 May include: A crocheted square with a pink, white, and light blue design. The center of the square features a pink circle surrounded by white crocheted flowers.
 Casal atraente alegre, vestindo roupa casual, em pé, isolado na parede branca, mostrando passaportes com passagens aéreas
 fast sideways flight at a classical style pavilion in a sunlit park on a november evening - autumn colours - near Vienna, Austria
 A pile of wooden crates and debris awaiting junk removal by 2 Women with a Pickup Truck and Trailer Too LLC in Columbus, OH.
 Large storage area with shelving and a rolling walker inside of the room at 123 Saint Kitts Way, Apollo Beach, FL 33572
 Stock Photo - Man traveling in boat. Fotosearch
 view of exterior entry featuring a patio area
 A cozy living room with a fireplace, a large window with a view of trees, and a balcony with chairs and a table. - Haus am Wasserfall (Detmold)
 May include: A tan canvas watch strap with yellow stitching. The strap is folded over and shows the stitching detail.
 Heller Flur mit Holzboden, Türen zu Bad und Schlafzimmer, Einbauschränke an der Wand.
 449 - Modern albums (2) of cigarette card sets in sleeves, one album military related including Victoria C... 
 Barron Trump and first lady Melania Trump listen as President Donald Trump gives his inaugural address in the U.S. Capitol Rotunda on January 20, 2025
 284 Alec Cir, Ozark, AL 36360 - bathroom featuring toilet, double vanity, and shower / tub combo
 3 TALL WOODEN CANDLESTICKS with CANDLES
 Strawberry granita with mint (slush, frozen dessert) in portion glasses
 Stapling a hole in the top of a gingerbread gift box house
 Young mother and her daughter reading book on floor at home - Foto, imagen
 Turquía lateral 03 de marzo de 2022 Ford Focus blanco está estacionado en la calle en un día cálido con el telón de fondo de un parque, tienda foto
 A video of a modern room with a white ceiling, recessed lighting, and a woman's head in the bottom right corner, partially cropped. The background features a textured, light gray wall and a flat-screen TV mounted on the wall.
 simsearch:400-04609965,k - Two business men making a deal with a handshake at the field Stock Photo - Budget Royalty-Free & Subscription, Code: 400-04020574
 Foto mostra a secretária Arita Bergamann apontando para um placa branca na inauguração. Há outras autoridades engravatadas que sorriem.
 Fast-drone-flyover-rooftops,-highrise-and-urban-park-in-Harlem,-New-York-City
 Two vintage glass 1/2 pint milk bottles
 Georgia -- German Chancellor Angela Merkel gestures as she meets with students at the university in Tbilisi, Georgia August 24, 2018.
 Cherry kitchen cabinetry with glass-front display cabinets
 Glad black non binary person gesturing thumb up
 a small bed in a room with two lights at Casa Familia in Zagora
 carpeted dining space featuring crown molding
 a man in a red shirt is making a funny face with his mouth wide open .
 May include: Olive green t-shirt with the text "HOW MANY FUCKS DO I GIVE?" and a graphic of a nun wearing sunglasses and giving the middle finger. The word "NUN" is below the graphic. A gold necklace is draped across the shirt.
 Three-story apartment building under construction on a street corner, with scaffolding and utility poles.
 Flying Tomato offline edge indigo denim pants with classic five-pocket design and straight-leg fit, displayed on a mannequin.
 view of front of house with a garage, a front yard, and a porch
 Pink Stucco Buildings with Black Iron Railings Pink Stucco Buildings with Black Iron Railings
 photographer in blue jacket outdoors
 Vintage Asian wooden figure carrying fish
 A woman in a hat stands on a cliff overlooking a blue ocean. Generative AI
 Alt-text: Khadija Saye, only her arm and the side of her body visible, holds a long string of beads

■ ■ ■

Your objective ▸
Would you output, unchanged, each line from the start of the records to the line that holds "Casal atraente alegre, vestindo", both included and nothing else?

Your solution ▸
 May include: A crocheted square with a pink, white, and light blue design. The center of the square features a pink circle surrounded by white crocheted flowers.
 Casal atraente alegre, vestindo roupa casual, em pé, isolado na parede branca, mostrando passaportes com passagens aéreas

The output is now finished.